Arad expanding as it seeks more LCC services
Arad International Airport may be small, but it will be well-known to regular readers of ACI EUROPE’s monthly traffic reports. It frequently posts triple-digit growth – +779.4% in June for example – and, while starting from a low base, those figures are undoubtedly impressive and are indicative of the airport’s ambitious growth agenda.
This return to growth follows a period in which the airport was hit hard by the global economic crisis. Ryanair and Blue Air cancelled operations and traffic fell dramatically from 160,000 passengers in 2008 to just 2,000 in 2009. The airport remained resolute in its potential to attract new air services, supported by its geographical position as a gateway to western Romania, and embarked on a strategy to secure new low-cost operations. Wizz Air responded, and in June 2012 it launched a twice-weekly service to Milan-Bergamo, complementing its existing service from Timisoara to Milan-Bergamo and highlighting its confidence in the demand for capacity between Romania and northern Italy. This Milan-Bergamo operation remains Arad’s only regular scheduled passenger service, while DHL operates a daily cargo service to Budapest. A dedicated cargo terminal was built in 2002, with EU assistance, and 2,000 metric tonnes of cargo are currently handled each year.
A key challenge is the proximity of Timisoara Airport, Romania’s second-busiest, located only 60km south of Arad International Airport, but Mircea explained that the airport is trying to convince more low-cost carriers of the traffic potential that exists at Arad and the possibility of profitable business opportunities. Domestic flights to Bucharest are another key goal. “Our advantages represented by location, accessibility, very good infrastructure and lower airport charges will always be opportunities that we must capitalise on,” said Mircea. “Low-cost flights are the most appropriate for the level of income of the population living in the airport’s catchment area. I am convinced that our airport has the potential to provide passengers at least for services to Italy, Spain, France, Germany, UK, Ireland, Belgium and the Netherlands.”
His belief is that throughput will reach 100,000 this year, helped by the fact that Wizz Air relocated its Timisoara traffic to Arad for two weeks during the summer season, while runway repairs were undertaken. “It may be possible to open new routes from Arad operated by Wizz Air. In any case, while we do not have any specific targets, I am convinced that Arad International Airport has the potential to significantly increase both passenger and cargo traffic,” added Mircea.

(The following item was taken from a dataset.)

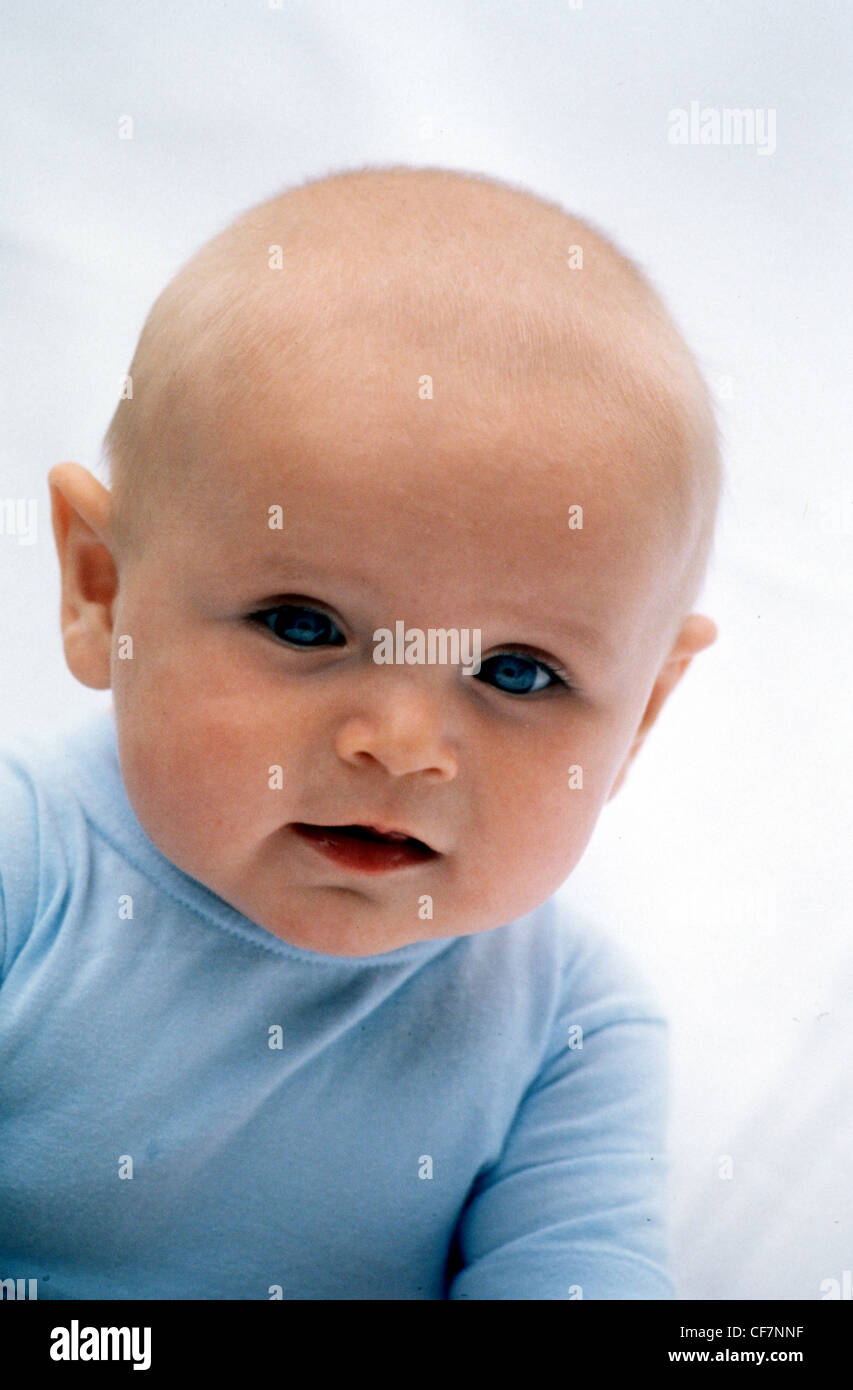 MMale baby, wearing a blue top, unsmiling, looking at camera Stock Photo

While EU rules on State aid would allow Arad County, the airport’s owner, to make a limited provision for start-up aid to airlines launching new routes, it has yet to practice this form of stimulation for the airlines. However, a generous incentive scheme is in place to encourage carriers to open new routes, ranging from a 5% reduction in landing charges for 6-9 movements per month, to a 50% reduction for more than 160 movements per month.
Terminal and runway extension
The airport is investing around €10 million on two major expansion projects to be completed within three years – an updated passenger terminal and a runway extension. Work on the terminal will begin next year and will increase annual capacity to one million passengers. The current, dated terminal was built in 1936, and the investment will provide a modern, efficient facility for passengers. Meanwhile, the 350m runway extension is necessary as the new Arad bypass inaugurated last year passes nearby and has reduced the runway threshold by 180m, meaning the Landing Distance Available (LDA) is currently 1,820m. The extension will ensure a proper, safe landing distance for A320 and 737 type aircraft.

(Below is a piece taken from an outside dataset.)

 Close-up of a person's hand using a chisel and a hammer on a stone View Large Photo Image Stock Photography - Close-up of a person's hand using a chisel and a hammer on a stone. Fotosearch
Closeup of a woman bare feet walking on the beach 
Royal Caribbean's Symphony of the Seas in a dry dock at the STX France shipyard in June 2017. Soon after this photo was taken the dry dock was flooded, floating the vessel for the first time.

While the Arad bypass, linking Romania and Hungary, has necessitated a runway extension, it does, importantly, provide excellent accessibility to the airport. It may also contribute to attracting new air services as it effectively increases Arad International Airport’s catchment area to include eastern Hungary. As Mircea points out, “There is no other airport between Arad and Budapest.”

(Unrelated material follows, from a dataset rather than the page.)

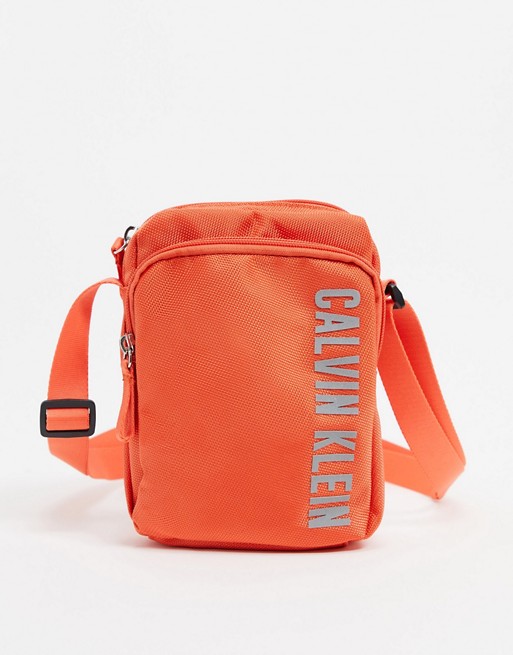 Calvin Klein Performance crossbody bag in hot coral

“I personally am an optimist and I have no reason not to believe in the future of Arad International Airport. The aviation market is growing. Arad County is one of the most developed in Romania economically, and the political and administrative leadership of Arad County is very interested in the airport’s development,” he added.
The airport certainly doesn’t lack ambition. It is investing to provide sufficient future capacity and developing a keenly-focused strategy aimed at attracting new low-cost carriers. Load factors of more than 80% on the Wizz Air service suggest the potential is there to significantly increase passenger traffic, and we await with interest the next stage in the airport’s air service development.